Johnson, at a New York Times fringe event, said his ambition was to “incarnate the spirit of Glasgow”. More accurately, it was an attempt to burnish his tainted legacy. He condemned those who want to “frack the hell out of the British countryside” and called for greater government cooperation with the private sector.
Johnson chastising his party on energy policy underlined his successor Rishi Sunak’s recent poor decisions. Even though Sunak has reinstated the fracking ban that Liz Truss tried to repeal during her brief time in office, his reputation on climate matters is decidedly mixed – especially given that he initially said he would not attend Cop27. That was not a wise move and the U-turn was inevitable.
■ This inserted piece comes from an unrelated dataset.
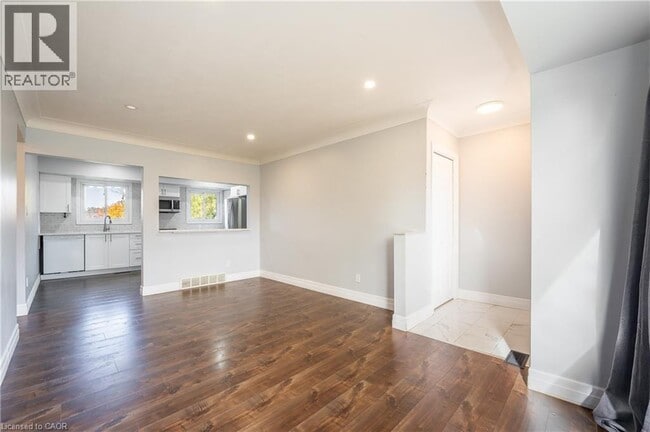 Building Photo - 100 Lauris Ave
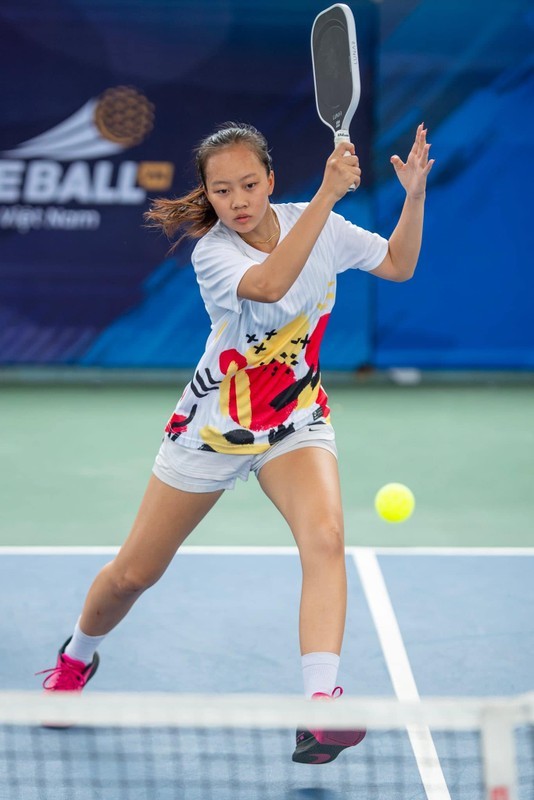 16 tuoi Sophia Phuong Anh “an tron” ky tich chan dong gioi Pickleball-Hinh-2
The UK was central to events this year because it was handing over the Cop presidency to Egypt, and it would not have been good for Sunak to miss a key international event so soon after taking up office (today, for example, he met Emmanuel Macron, the French president, and Ursula von der Leyen, president of the European Commission, for the first time as Prime Minister).
Johnson’s speech also gave him the opportunity to frame his time in office as a high point for climate action by the UK – in contrast with his successors. Ultimately, Johnson’s intervention highlighted how badly the supposedly PR-savvy Sunak had mismanaged the conference.